> Task item
Reproduce the material that follows exactly, with no line left out.

##### The data

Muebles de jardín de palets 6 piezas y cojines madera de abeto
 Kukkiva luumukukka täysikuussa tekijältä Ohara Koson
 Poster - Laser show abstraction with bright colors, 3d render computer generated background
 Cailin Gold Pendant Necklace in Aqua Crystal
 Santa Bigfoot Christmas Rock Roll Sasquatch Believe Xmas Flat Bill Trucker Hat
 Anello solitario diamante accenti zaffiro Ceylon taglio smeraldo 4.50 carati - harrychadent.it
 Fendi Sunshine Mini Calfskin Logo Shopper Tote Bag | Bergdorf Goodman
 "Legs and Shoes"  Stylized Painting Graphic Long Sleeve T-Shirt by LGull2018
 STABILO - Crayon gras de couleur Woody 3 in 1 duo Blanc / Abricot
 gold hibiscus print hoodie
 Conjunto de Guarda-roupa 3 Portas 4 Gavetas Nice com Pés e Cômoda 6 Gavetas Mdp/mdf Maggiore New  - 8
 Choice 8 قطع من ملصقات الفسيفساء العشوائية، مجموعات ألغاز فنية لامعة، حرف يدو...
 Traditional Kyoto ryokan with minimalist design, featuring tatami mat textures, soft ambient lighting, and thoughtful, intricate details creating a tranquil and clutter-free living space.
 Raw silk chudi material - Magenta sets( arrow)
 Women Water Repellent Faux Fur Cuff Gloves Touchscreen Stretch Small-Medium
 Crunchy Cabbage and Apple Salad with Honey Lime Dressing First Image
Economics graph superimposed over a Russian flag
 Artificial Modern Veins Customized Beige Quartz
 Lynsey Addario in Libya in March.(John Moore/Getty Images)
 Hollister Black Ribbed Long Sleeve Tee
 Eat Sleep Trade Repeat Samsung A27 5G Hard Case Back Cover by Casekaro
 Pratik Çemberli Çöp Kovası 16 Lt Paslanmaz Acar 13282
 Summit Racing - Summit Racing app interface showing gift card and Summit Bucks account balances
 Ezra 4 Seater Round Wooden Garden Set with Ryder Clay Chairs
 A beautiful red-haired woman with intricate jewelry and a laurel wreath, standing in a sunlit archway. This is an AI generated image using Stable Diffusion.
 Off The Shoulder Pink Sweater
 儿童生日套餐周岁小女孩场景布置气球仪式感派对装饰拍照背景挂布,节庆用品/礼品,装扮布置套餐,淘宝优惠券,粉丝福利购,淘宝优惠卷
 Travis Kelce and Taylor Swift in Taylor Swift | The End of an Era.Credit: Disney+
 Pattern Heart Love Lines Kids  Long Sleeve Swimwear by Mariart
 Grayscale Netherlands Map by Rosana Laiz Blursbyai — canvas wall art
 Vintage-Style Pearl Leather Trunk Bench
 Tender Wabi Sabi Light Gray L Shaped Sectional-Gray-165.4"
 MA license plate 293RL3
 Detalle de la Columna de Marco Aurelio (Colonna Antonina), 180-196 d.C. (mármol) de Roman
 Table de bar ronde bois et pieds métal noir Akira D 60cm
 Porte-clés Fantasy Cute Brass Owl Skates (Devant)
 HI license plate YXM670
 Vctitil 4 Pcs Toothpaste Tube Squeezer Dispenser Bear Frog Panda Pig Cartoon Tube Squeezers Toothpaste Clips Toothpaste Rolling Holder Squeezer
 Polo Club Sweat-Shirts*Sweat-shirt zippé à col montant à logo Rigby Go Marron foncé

##########

> Task response
Muebles de jardín de palets 6 piezas y cojines madera de abeto
 Kukkiva luumukukka täysikuussa tekijältä Ohara Koson
 Poster - Laser show abstraction with bright colors, 3d render computer generated background
 Cailin Gold Pendant Necklace in Aqua Crystal
 Santa Bigfoot Christmas Rock Roll Sasquatch Believe Xmas Flat Bill Trucker Hat
 Anello solitario diamante accenti zaffiro Ceylon taglio smeraldo 4.50 carati - harrychadent.it
 Fendi Sunshine Mini Calfskin Logo Shopper Tote Bag | Bergdorf Goodman
 "Legs and Shoes"  Stylized Painting Graphic Long Sleeve T-Shirt by LGull2018
 STABILO - Crayon gras de couleur Woody 3 in 1 duo Blanc / Abricot
 gold hibiscus print hoodie
 Conjunto de Guarda-roupa 3 Portas 4 Gavetas Nice com Pés e Cômoda 6 Gavetas Mdp/mdf Maggiore New  - 8
 Choice 8 قطع من ملصقات الفسيفساء العشوائية، مجموعات ألغاز فنية لامعة، حرف يدو...
 Traditional Kyoto ryokan with minimalist design, featuring tatami mat textures, soft ambient lighting, and thoughtful, intricate details creating a tranquil and clutter-free living space.
 Raw silk chudi material - Magenta sets( arrow)
 Women Water Repellent Faux Fur Cuff Gloves Touchscreen Stretch Small-Medium
 Crunchy Cabbage and Apple Salad with Honey Lime Dressing First Image
Economics graph superimposed over a Russian flag
 Artificial Modern Veins Customized Beige Quartz
 Lynsey Addario in Libya in March.(John Moore/Getty Images)
 Hollister Black Ribbed Long Sleeve Tee
 Eat Sleep Trade Repeat Samsung A27 5G Hard Case Back Cover by Casekaro
 Pratik Çemberli Çöp Kovası 16 Lt Paslanmaz Acar 13282
 Summit Racing - Summit Racing app interface showing gift card and Summit Bucks account balances
 Ezra 4 Seater Round Wooden Garden Set with Ryder Clay Chairs
 A beautiful red-haired woman with intricate jewelry and a laurel wreath, standing in a sunlit archway. This is an AI generated image using Stable Diffusion.
 Off The Shoulder Pink Sweater
 儿童生日套餐周岁小女孩场景布置气球仪式感派对装饰拍照背景挂布,节庆用品/礼品,装扮布置套餐,淘宝优惠券,粉丝福利购,淘宝优惠卷
 Travis Kelce and Taylor Swift in Taylor Swift | The End of an Era.Credit: Disney+
 Pattern Heart Love Lines Kids  Long Sleeve Swimwear by Mariart
 Grayscale Netherlands Map by Rosana Laiz Blursbyai — canvas wall art
 Vintage-Style Pearl Leather Trunk Bench
 Tender Wabi Sabi Light Gray L Shaped Sectional-Gray-165.4"
 MA license plate 293RL3
 Detalle de la Columna de Marco Aurelio (Colonna Antonina), 180-196 d.C. (mármol) de Roman
 Table de bar ronde bois et pieds métal noir Akira D 60cm
 Porte-clés Fantasy Cute Brass Owl Skates (Devant)
 HI license plate YXM670
 Vctitil 4 Pcs Toothpaste Tube Squeezer Dispenser Bear Frog Panda Pig Cartoon Tube Squeezers Toothpaste Clips Toothpaste Rolling Holder Squeezer
 Polo Club Sweat-Shirts*Sweat-shirt zippé à col montant à logo Rigby Go Marron foncé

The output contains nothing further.